Having not looked at my website since August (but thinking of it every day), I went to it when a family friend asked for the link. Little does she know, she gave me a gift. I looked at my creation and realized how much I missed touching my keyboard and letting my mind wander, as I would find ways to express the words I was holding in. I began to read each post and was taken back, feeling lost in the moments of a different life. A sense of satisfaction and clarity started to seep in as I remembered what it was like to combine words to bring clarity to my thoughts. Satisfaction would come from creating words and integrating photos until I found just the right combination of each. Previewing the draft countless times, editing the small details, ensuring I had what I needed. But, the clarity… That was the special part. Because even if I was just writing about a movie, I always felt like I learned something about myself. My eyes were lifted and sometimes, that meant my heart was opened just a bit more.

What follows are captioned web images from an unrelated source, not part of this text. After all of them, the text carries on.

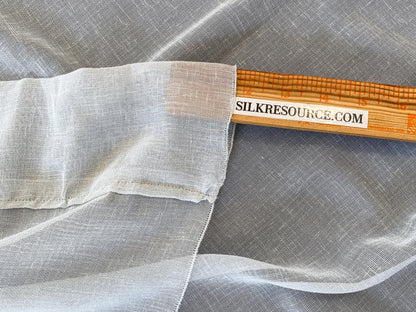 12 Berkbox64 Finished Drapery 2.5yard Scalamandre ATENA Aqua Sheer Polyester White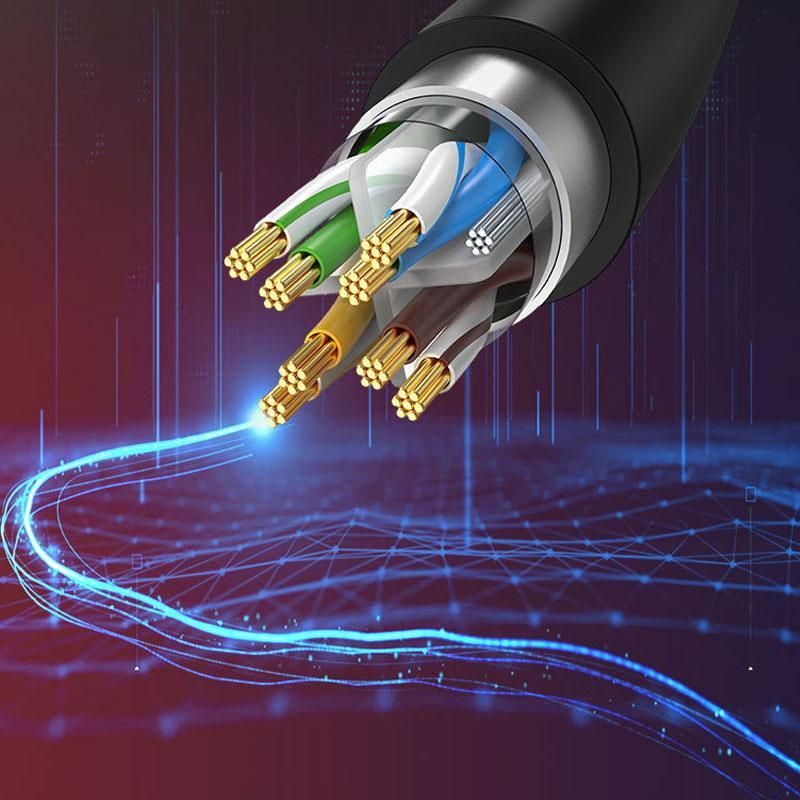 Jasoz Network Lan Cat7 Rj45 Cord Ethernet Shielded Cable Patch Lead 1-10M - 3 m view 6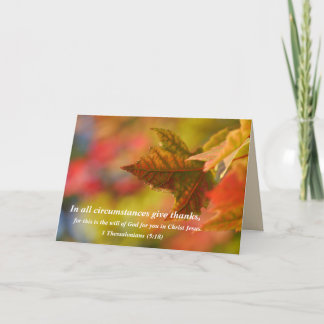 Religiöse Erntedank-Karte Feiertagskarte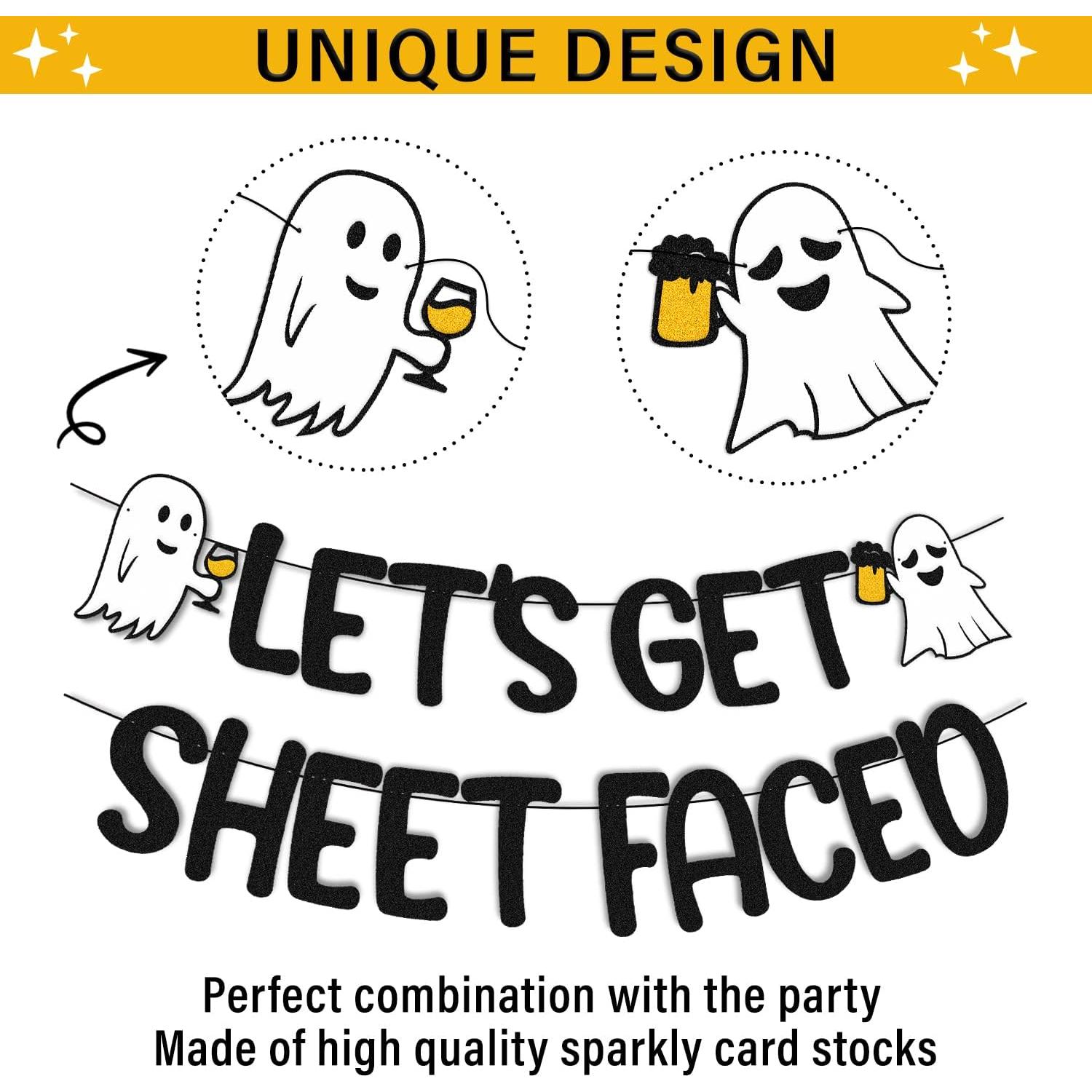 Banner Halloween Vamos a Ponernos Locos 91x12cm 3D Vikiwiin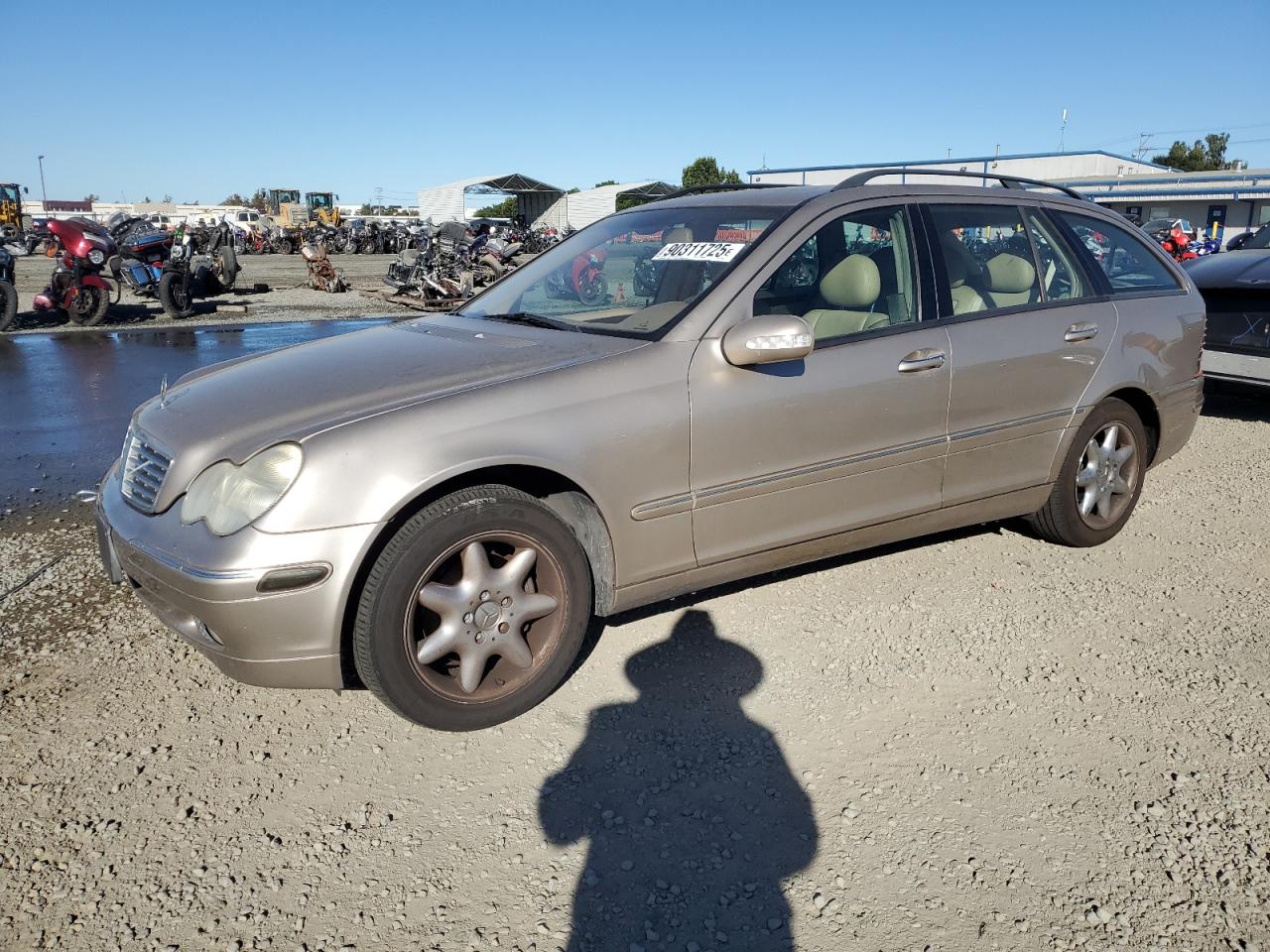 2003 Mercedes-benz C 240 Sportwagon Gold vin: WDBRH61J73F315954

Maybe that is why I haven’t written lately… I’ve been afraid of letting my heart open back up. In the last five months, I have been working on starting a new life and have only been focused on what is in front of me, adjusting to a new way of doing things. If I write, I might realize things what I don’t want to admit. Oh, let’s be honest… I realize quite a bit, I just don’t want to say them out loud. Because once things are written down, it’s been admitted and I have to take ownership. Friends I let down, men that used me, co-workers that made me feel inferior, friends that let me down…

There. That was it right there. The moment of clarity. I guess it’s time to edit so I will feel that brief euphoria of satisfaction. Then I need to work on acknowledging some things and continue to develop my words.